**** Records for this exercise ****
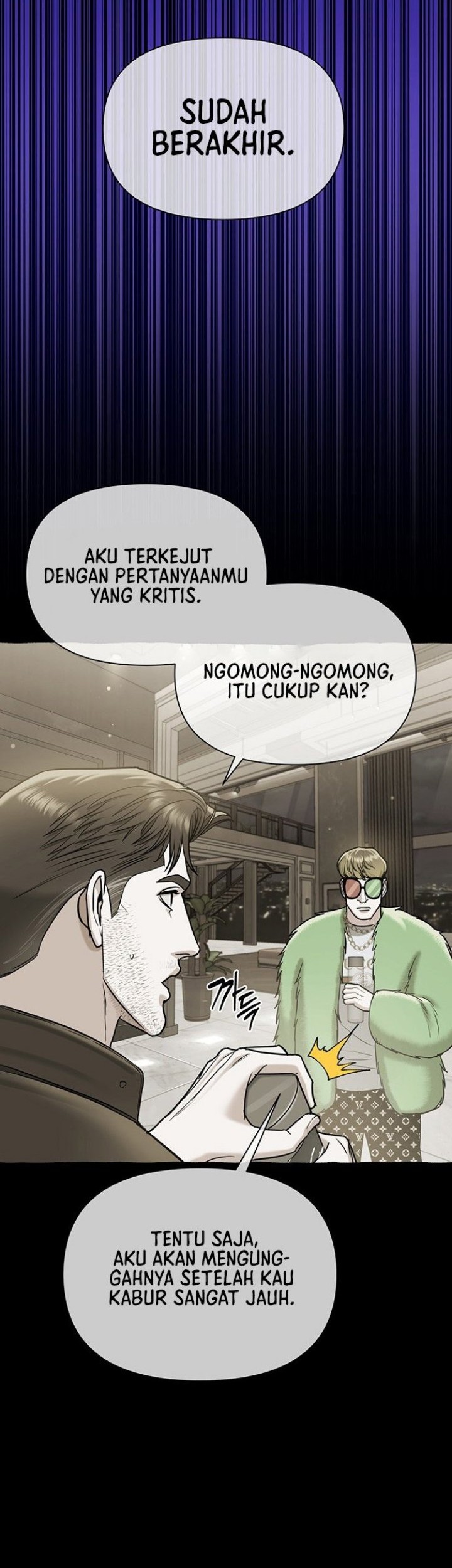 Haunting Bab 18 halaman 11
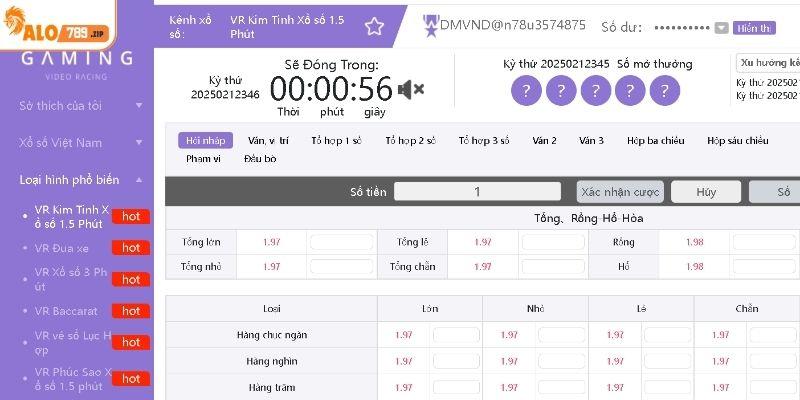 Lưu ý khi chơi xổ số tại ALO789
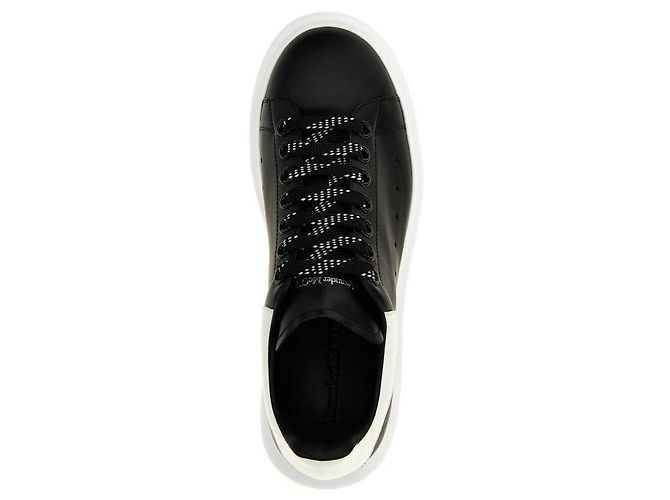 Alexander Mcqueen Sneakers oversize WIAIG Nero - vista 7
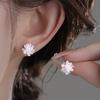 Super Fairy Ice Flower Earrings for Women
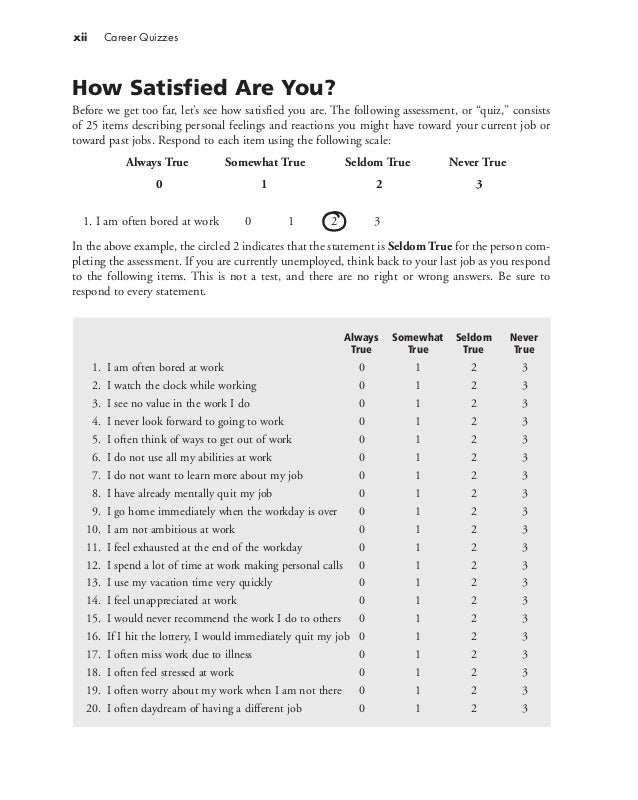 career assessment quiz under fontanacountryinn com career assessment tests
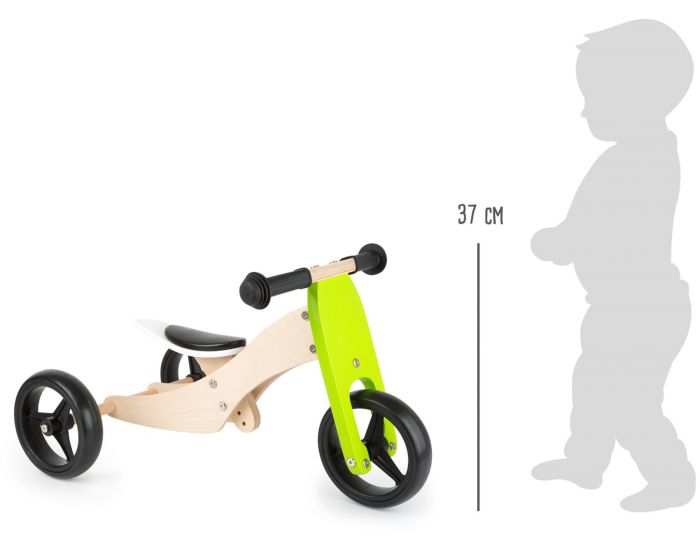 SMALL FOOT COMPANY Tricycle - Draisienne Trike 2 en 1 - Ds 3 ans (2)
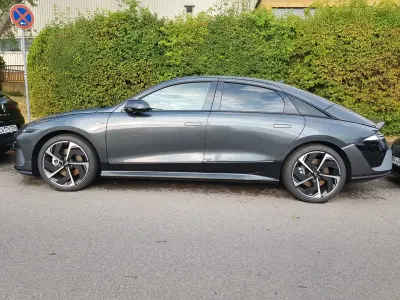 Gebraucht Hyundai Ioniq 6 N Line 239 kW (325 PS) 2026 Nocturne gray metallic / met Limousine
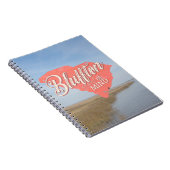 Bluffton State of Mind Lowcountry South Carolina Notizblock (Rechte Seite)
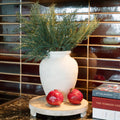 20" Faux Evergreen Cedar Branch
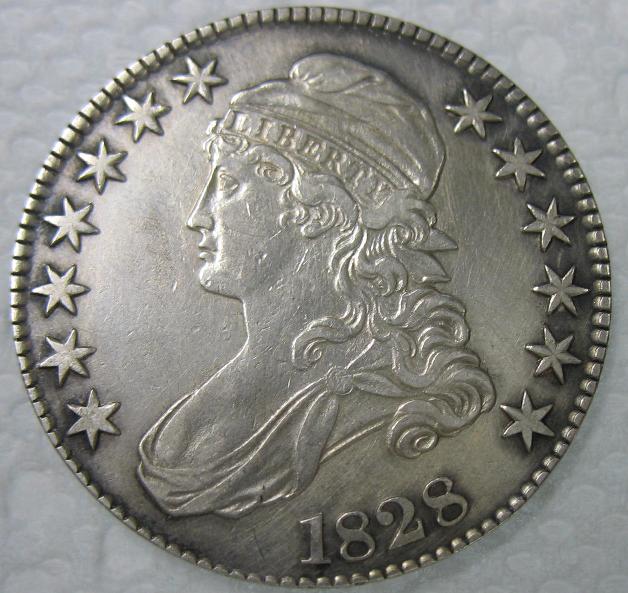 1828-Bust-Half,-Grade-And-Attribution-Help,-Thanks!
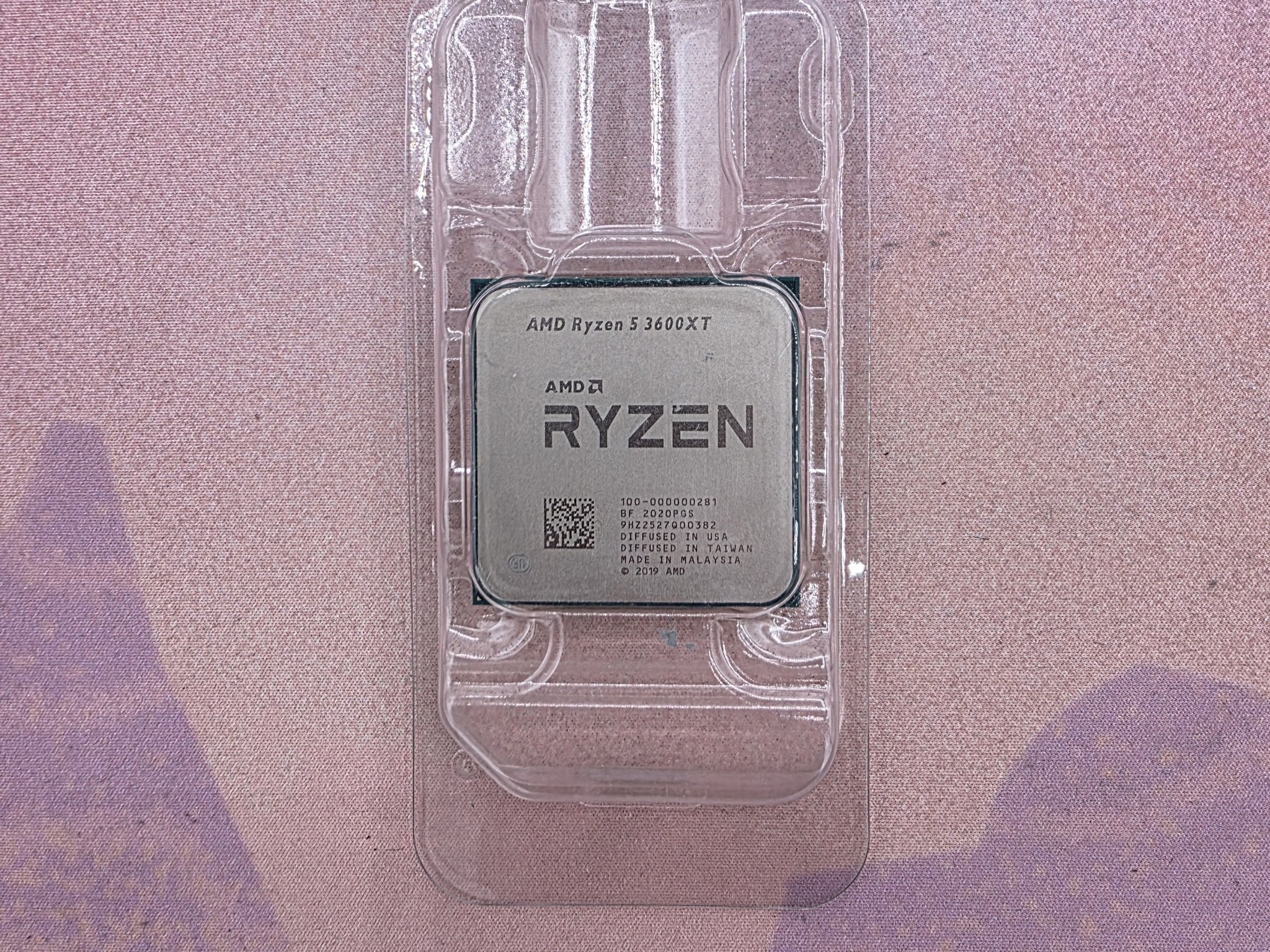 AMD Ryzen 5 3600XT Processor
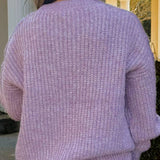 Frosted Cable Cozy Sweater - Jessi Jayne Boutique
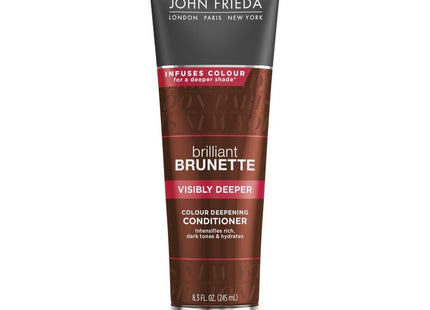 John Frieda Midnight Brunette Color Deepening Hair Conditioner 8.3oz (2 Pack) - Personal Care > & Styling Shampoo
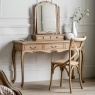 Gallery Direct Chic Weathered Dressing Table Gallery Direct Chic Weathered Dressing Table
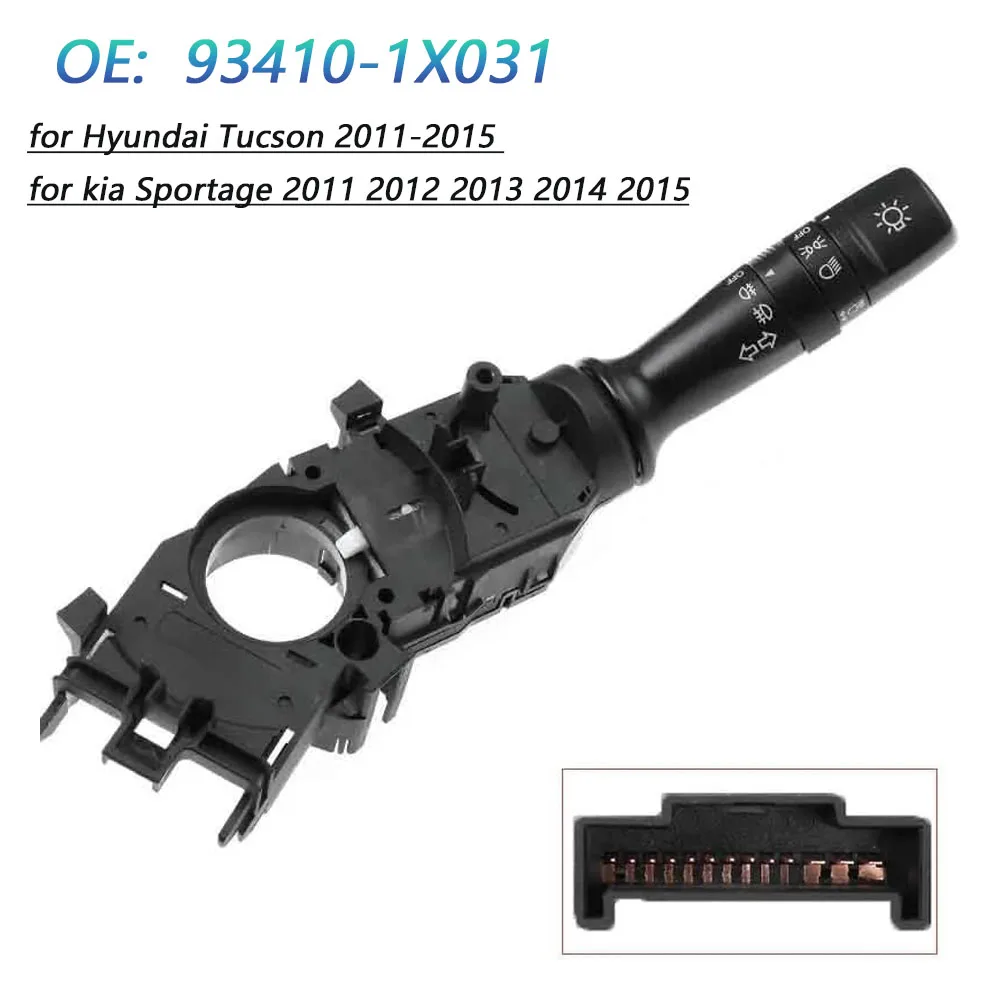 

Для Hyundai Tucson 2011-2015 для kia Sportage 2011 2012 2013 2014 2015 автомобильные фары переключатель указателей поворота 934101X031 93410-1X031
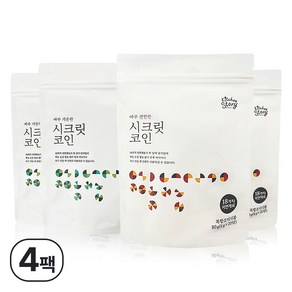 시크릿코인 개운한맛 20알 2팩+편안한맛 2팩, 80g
****
▸ **The problem**
Start at the first line of the records and write out everything up to and including the line containing "Gallery Direct Chic Weathered Dressing Table Gallery". No pictures.

▸ **Task result**
 Haunting Bab 18 halaman 11
 Lưu ý khi chơi xổ số tại ALO789
 Alexander Mcqueen Sneakers oversize WIAIG Nero - vista 7
 Super Fairy Ice Flower Earrings for Women
 career assessment quiz under fontanacountryinn com career assessment tests
 SMALL FOOT COMPANY Tricycle - Draisienne Trike 2 en 1 - Ds 3 ans (2)
 Gebraucht Hyundai Ioniq 6 N Line 239 kW (325 PS) 2026 Nocturne gray metallic / met Limousine
 Bluffton State of Mind Lowcountry South Carolina Notizblock (Rechte Seite)
 20" Faux Evergreen Cedar Branch
 1828-Bust-Half,-Grade-And-Attribution-Help,-Thanks!
 AMD Ryzen 5 3600XT Processor
 Frosted Cable Cozy Sweater - Jessi Jayne Boutique
 John Frieda Midnight Brunette Color Deepening Hair Conditioner 8.3oz (2 Pack) - Personal Care > & Styling Shampoo
 Gallery Direct Chic Weathered Dressing Table Gallery Direct Chic Weathered Dressing Table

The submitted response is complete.